((

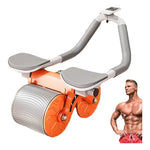 Rueda Abdominal Inteligente con Rebote Asistido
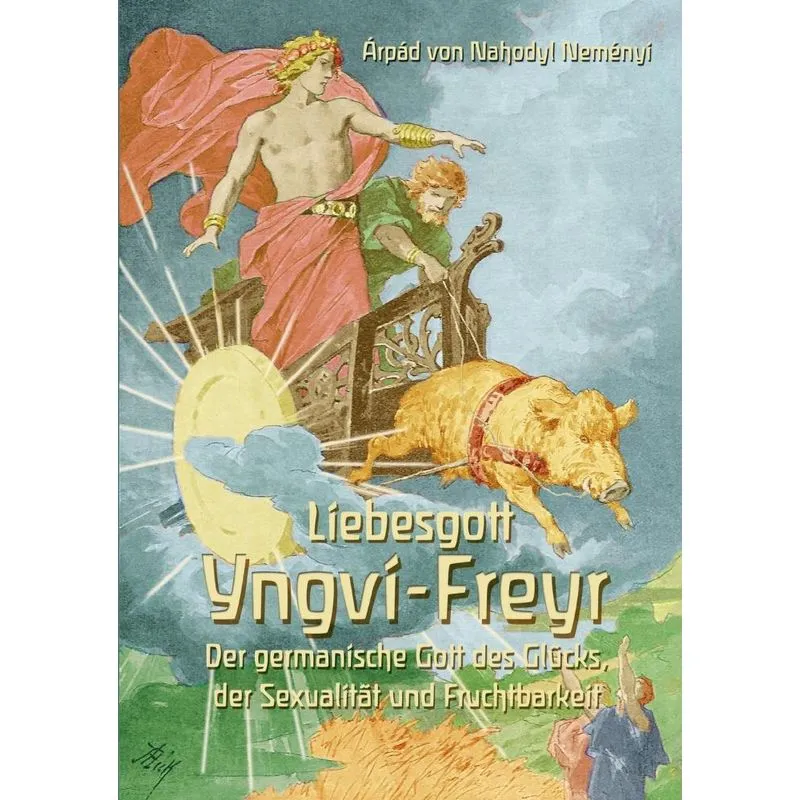 Liebesgott Yngvi-freyr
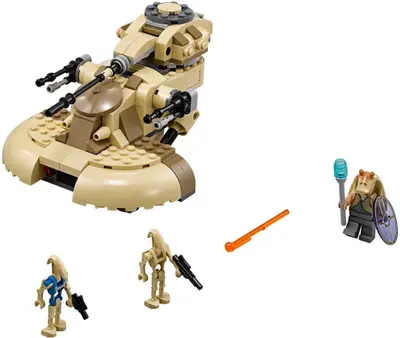 LEGO Star Wars 75080 AAT set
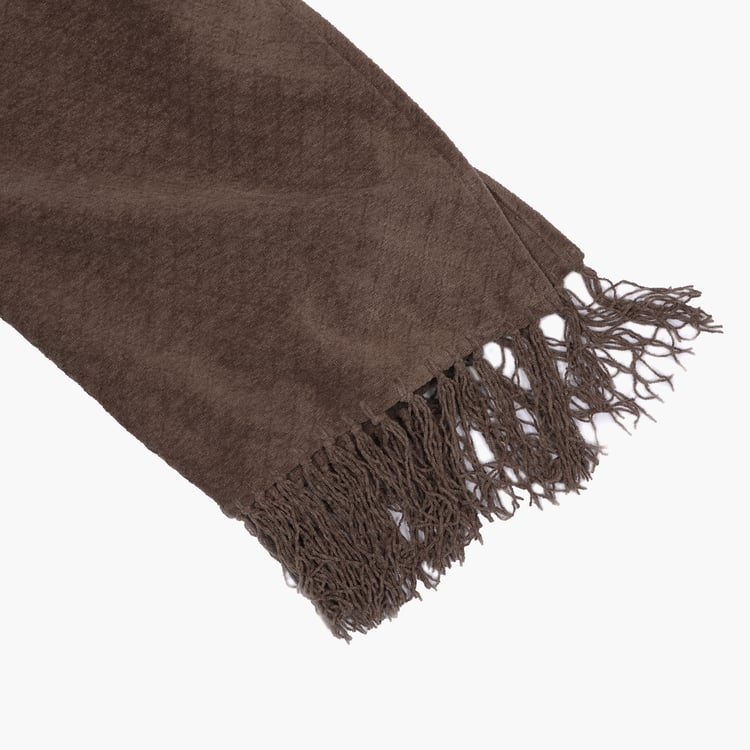 MASPAR Blaize Cotton Single Throw
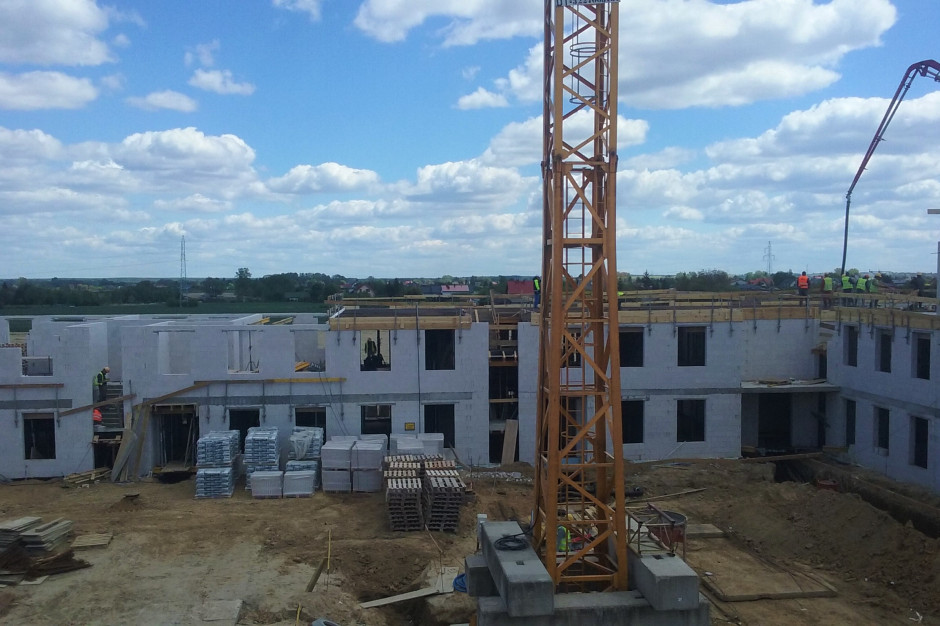 Inwestycja PFR Nieruchomości w Świdniku. Fot. mat. pras. Mieszkanie Plus w Świdniku bez poślizgu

))

**Exercise requirements**
Exactly restate the lines from the one holding "Liebesgott Yngvi-freyr" to the final line of the records above, including both and excluding pictures.

**Finished exercise**
 Liebesgott Yngvi-freyr
 LEGO Star Wars 75080 AAT set
 MASPAR Blaize Cotton Single Throw
 Inwestycja PFR Nieruchomości w Świdniku. Fot. mat. pras. Mieszkanie Plus w Świdniku bez poślizgu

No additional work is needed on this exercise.